- Exercise details: When you reach the line that contains "this 690×458 image.", begin copying exactly, and continue through the last line of the data; no pictures belong in the copy.
(Extracted material)
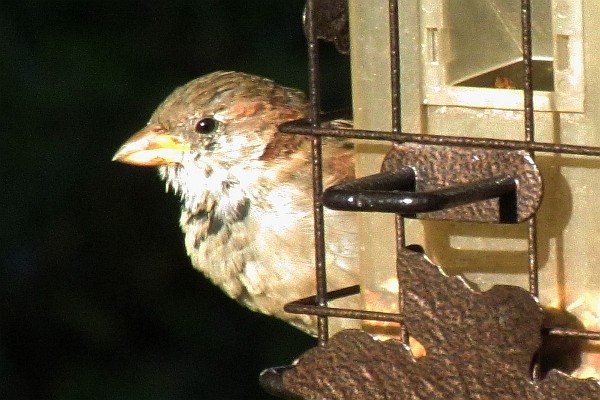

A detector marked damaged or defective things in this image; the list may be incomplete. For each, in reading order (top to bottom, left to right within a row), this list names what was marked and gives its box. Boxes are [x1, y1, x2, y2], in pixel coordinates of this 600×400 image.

rusted metal plate [384, 143, 544, 222]
rusted metal plate [262, 248, 600, 398]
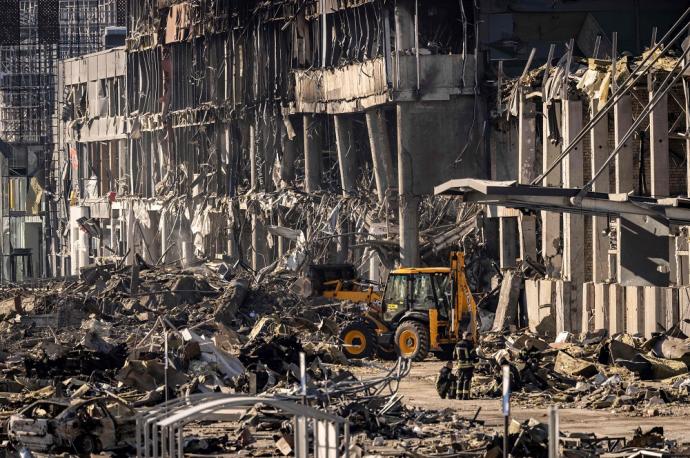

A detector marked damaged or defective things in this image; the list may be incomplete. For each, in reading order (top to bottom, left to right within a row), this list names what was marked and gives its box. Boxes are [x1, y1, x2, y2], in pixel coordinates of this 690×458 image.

burnt support beam [302, 115, 322, 194]
burnt support beam [334, 114, 358, 195]
burned car wreck [9, 398, 136, 454]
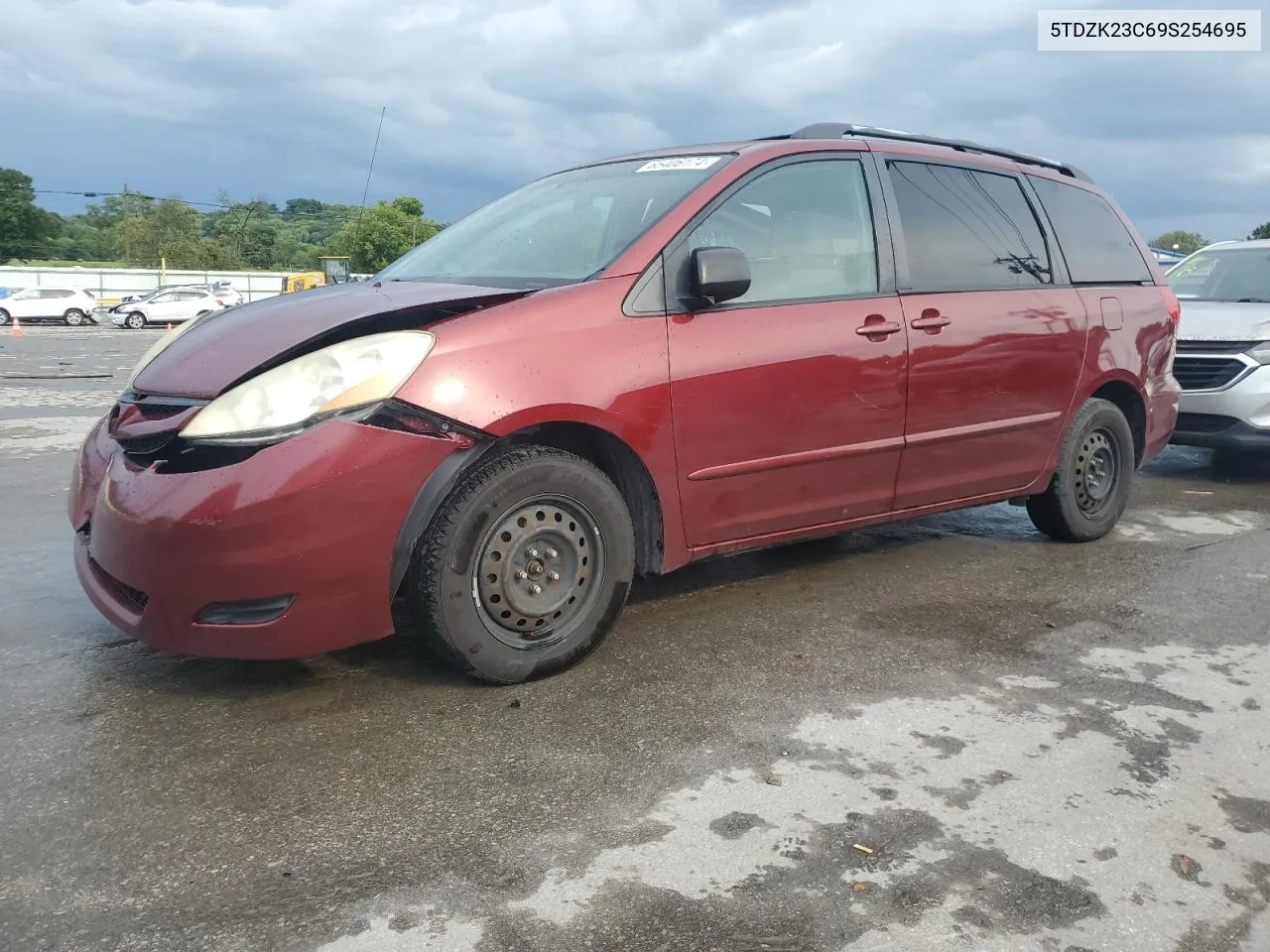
(End Extracted material)
- Answer to the exercise:
A detector marked damaged or defective things in this image; the list may be incomplete. For each, in reading order (top to bottom, left to right within a row), this list names what was marked and gives its box. Boxes are [x1, y1, x2, y2], in pixel coordinates of this 690×458 image.

burnt support beam [302, 115, 322, 194]
burnt support beam [334, 114, 358, 195]
burned car wreck [9, 398, 136, 454]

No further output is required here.